I think that points 1 and 2 are OK in the scrapper (first line is the same). I think the problem is the third step:

in log I see that the we have to search in iso-8859-1 or there are no matches, so I think that the XML that is parsed by XBMC is in iso-8859-1. How we can convert to utf-8?

Thanks
MaDDoGo,
As I mentioned in first post, all XMLs are converted to UTF-8 before parsing. XML can be in any encoding as long as correct encoding was put to XML header.
Even if encoding is incorrect or missing, XBMC will try to find suitable encoding, but result is not guaranteed to be correct and costs time/resources.
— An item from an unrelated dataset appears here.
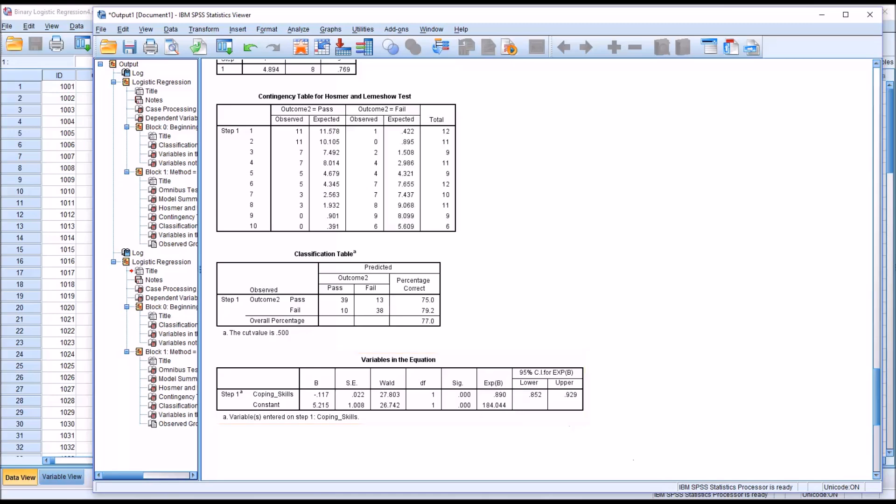I hope you found this video on interpreting the odds ratio in SPSS to be useful. As always, if you have any questions or concerns, feel free to contact me and I'll be happy to assist you.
Try with latest nightly, it contains some additional webserver charset detection logic. If it didn't help, check trac for similar problems
Hi,

I tried next nightly and all problems are gone. Sorry for the inconvencience but I thought that the problems were from the scrapper.

Thank you
Updated first post.
Changes: all scraper generated XMLs are always processed as UTF-8.
(2014-03-24, 15:30)Karlson2k Wrote: [ -> ]Updated first post.
Changes: all scraper generated XMLs are always processed as UTF-8.

Is there some reason this can't be extended to nfo files? At least UTF-16LE encoding is ignored from my testing (music videos).

sacott s.
.
Starting from Gotham alpha 10, all XMLs (including .nfo) should be automatically converted to UTF-8 before processing.
Scraper generated XMLs are forcibly processed as UTF-8.
Did you mean that your nfo files didn't converted? If your nfo file is valid XML (with proper charset in declaration) then it must be loaded correctly. Even if your file don't have "charset" in declaration, but starts from "<?xml", XBMC should detect and use UTF-16 encoding.
Send me your nfo file, I'll try to reproduce.
(2014-03-24, 15:30)Karlson2k Wrote: [ -> ]Updated first post.
Changes: all scraper generated XMLs are always processed as UTF-8.
unfortunately not. using the FilmAffinity scraper on Windows 8.1 64 XBMC Gotham v13.2beta2 a warning comes out:
Code:
CScraperUrl::Get: Can't find precise charset for HTML "http://www.filmaffinity.com/es/film109378.html", using "CP1252" as fallback
any way the scraper or XBMC can be forced to process the scrapped content as UTF-8?
Hi there I'm not sure i have the right part of the forum to be asking this but...
I'm good with the scraping part but what i would like to know is when i scrape my 10 hard drives all separated out for different subjects
I want to move or tell xbmc or kodi to scrape the covers to an sd card instead of my unit because it takes up alot of space .

I know you guys are busy and you have been doing an amazing job but i just thought i would ask on this.
Cant you simply make the thumbnails dir a link?